During this period, the kind of material that caused concern included horror and gangster films, as well as those that dealt with aspects of sexuality. Some councils were beginning to bar children from films classified A, even when they had been cut by the BBFC to achieve a certificate. For example, the London 

County Council (LCC) and Manchester City Council (MCC) banned children from Frankenstein (1931), although a sequence in which the monster drowns a small girl had already been cut. In response to such material, the advisory category H (for horror) was agreed in 1932, to indicate the potential unsuitability for children of the horror theme.

The Walt Disney classic Snow White And The Seven Dwarfs was one of the first feature length cartoons ever made, and Disney cartoon features are now synonymous with children's entertainment.  However, the work is an example of one rated differently in different historical periods. It was originally passed A (so more suitable for adult audiences) even after cuts in 1938 and still cut for U in 1964 on film. It was re-released again in cinema and later on video in the 1980s passed U uncut (as it is now).

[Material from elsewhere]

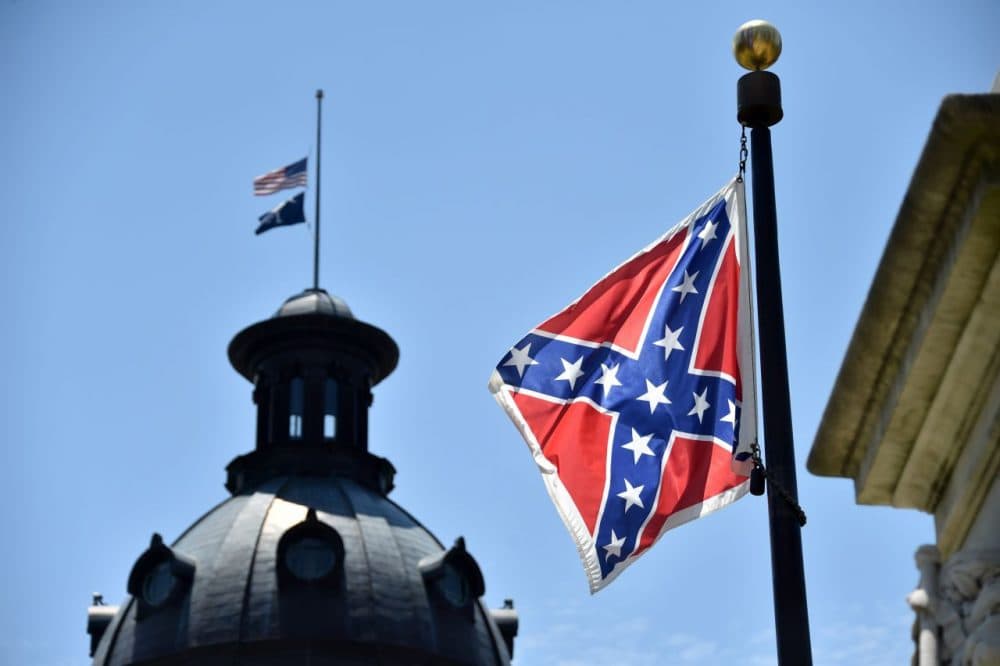 The South Carolina and American flags fly at half-staff behind the Confederate flag, in front of the State House in Columbia, South Carolina on June 19, 2015. (Mladen Antonov/AFP/Getty Images)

Arthur Watkins was appointed Secretary to the BBFC in 1948, under the Presidency of Sir Sidney Harris. Both men had come from the Home Office, and Watkins was also a successful playwright. Many film-makers sought the BBFC's advice on scripts before films went into production. Watkins and Harris formulated new terms of reference for the BBFC based on three principles:

  • Was the story, incident or dialogue likely to impair the moral standards of the public by extenuating vice or crime or depreciating moral standards?
  • Was it likely to give offence to reasonably minded cinema audiences?
  • What effect would it have on children?

The effect on children was of major importance since, apart from the advisory H category, from which some councils already chose to bar children, there was no category that excluded children. An 'adults only' category was increasingly seen as desirable, not only to protect children, but as an extension of the freedom of film-makers to treat adult subjects in an adult fashion.